I'm open to discuss this further but it doesn't seem like this should be the correct behavior.

Information

  • .NET Target: .NET Framework 4.7.2
  • DocumentFormat.OpenXml Version: 2.11.3

Repro

using DocumentFormat.OpenXml.Packaging;
using DocumentFormat.OpenXml.Wordprocessing;
using System;
using System.IO;
using System.Linq;

namespace ConsoleApp2
{
    class Program
    {
        static void Main(string[] args)
        {
            // Change  to path of test file
            const string pathToFile = @"C:\path\to\file-sample_500kB.docx";

            using (var f = new FileStream(pathToFile, FileMode.Open))
            {
                using (var docx = WordprocessingDocument.Open(f, false))
                {
                    var sample = docx.MainDocumentPart.Document.Descendants<CantSplit>().FirstOrDefault();

                    if (sample != null)
                    {
                        var val = sample.Val;
                        Console.WriteLine($"Sample has value: {val.HasValue}");
                        Console.WriteLine($"Sample inner text: {val.InnerText}");

                        try
                        {
                            Console.WriteLine($"Sample value: {val.Value}");
                        }
                        catch (Exception x)
                        {
                            Console.WriteLine($"Sample value threw {x.GetType().Name}");
                            Console.WriteLine($"Sample value exception message: {x.Message}");
                        }
                    }
                }
            }
            Console.WriteLine("Press any key to quit");
            Console.ReadKey(true);
        }
    }
}

Observed

Sample has value: False
Sample inner text: false
Sample value threw FormatException
Sample value exception message: The text value is not a valid enumeration value.
Press any key to quit

Expected

Sample has value: True
Sample inner text: false
Sample value: DocumentFormat.OpenXml.Wordprocessing.OnOffOnlyValues.False or DocumentFormat.OpenXml.Wordprocessing.OnOffOnlyValues.Off
Press any key to quit

rmboggs avatar Jul 21 '20 13:07 rmboggs

FYI - I caught this while testing out the Serialize.OpenXml.CodeGen library.

rmboggs avatar Jul 21 '20 14:07 rmboggs

Interesting. @tomjebo can you take a look at the spec and weigh in here?

twsouthwick avatar Jul 22 '20 02:07 twsouthwick

@rmboggs Can you share the section of the spec you were looking at?

twsouthwick avatar Jul 22 '20 02:07 twsouthwick

I was referencing the first revision of the open xml ecma standard located here.
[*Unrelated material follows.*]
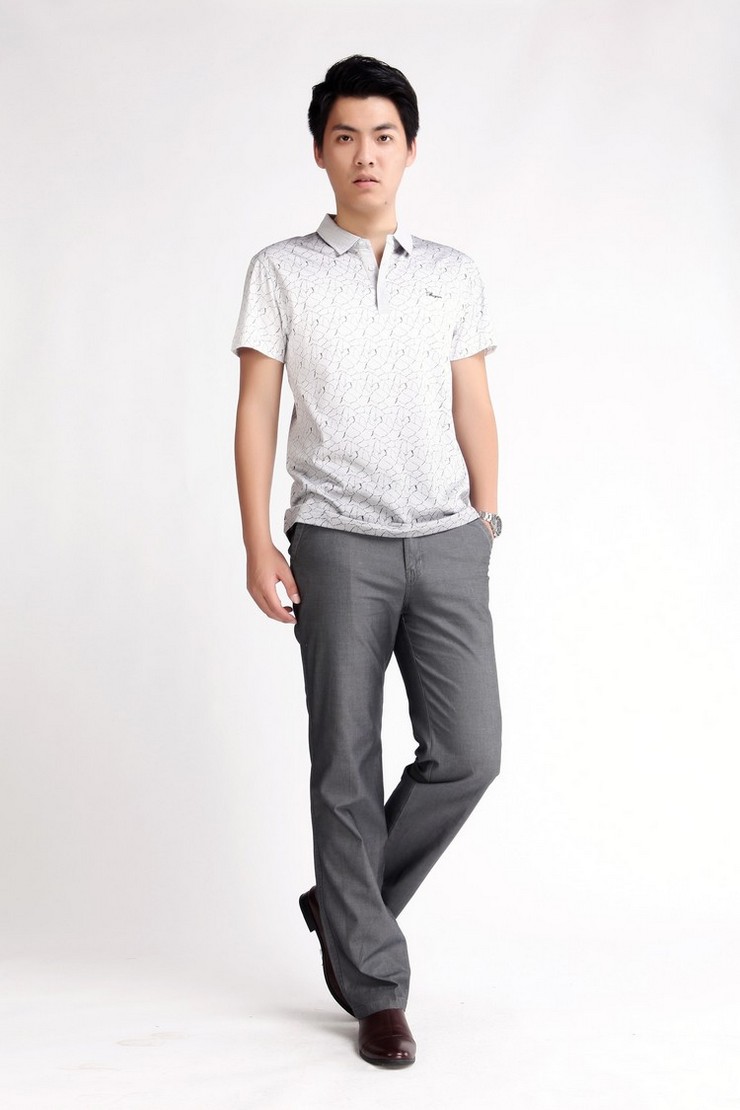 【步云男装】渐变印花 冰裂纹 短袖polo衫 zz 12008213 /2色 灰色 190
Pdf Page 308 - cantSplit definition which references the possible values defined by the ST_OnOff simple type Pdf Page 1786 - ST_OnOff possible values which include the values I listed in the initial issue report above.

Please let me know if there are more questions.

rmboggs avatar Jul 22 '20 04:07 rmboggs

Actually, I dug a bit deeper here as there are other elements that also have the same possible values. DocumentFormat.OpenXml.WordProcessing.Caps for example. It has the same set of possible values as the DocumentFormat.OpenXml.WordProcessing.CantSplit but they inherit from different base classes. Caps inherits from DocumentFormat.OpenXml.Wordprocessing.OnOffType while CantSplit inherits from DocumentFormat.OpenXml.Wordprocessing.OnOffOnlyType. Since it appears that OnOffType offers the appropriate values for this kind of element, I believe that changing CantSplit to inherit from OnOffType would solve this issue rather than rewrite the OnOffOnlyType class. I'm hoping this won't be a shocking/breaking change.

rmboggs avatar Jul 22 '20 13:07 rmboggs

My gut says that's a breaking change. I'll dig into it too see. We'll probably do a v3 soon and can handle any breaking changes then

twsouthwick avatar Jul 23 '20 03:07 twsouthwick

It makes sense to be cautious. I don't think this is urgent since the cantSplit class has been set this way for quite some time and the difference is being noticed now, in a non production environment. I have an idea how to get around this in my project so I should be ok. In the meantime, would it be ok to label this for the 3.0 release so it doesn't get lost.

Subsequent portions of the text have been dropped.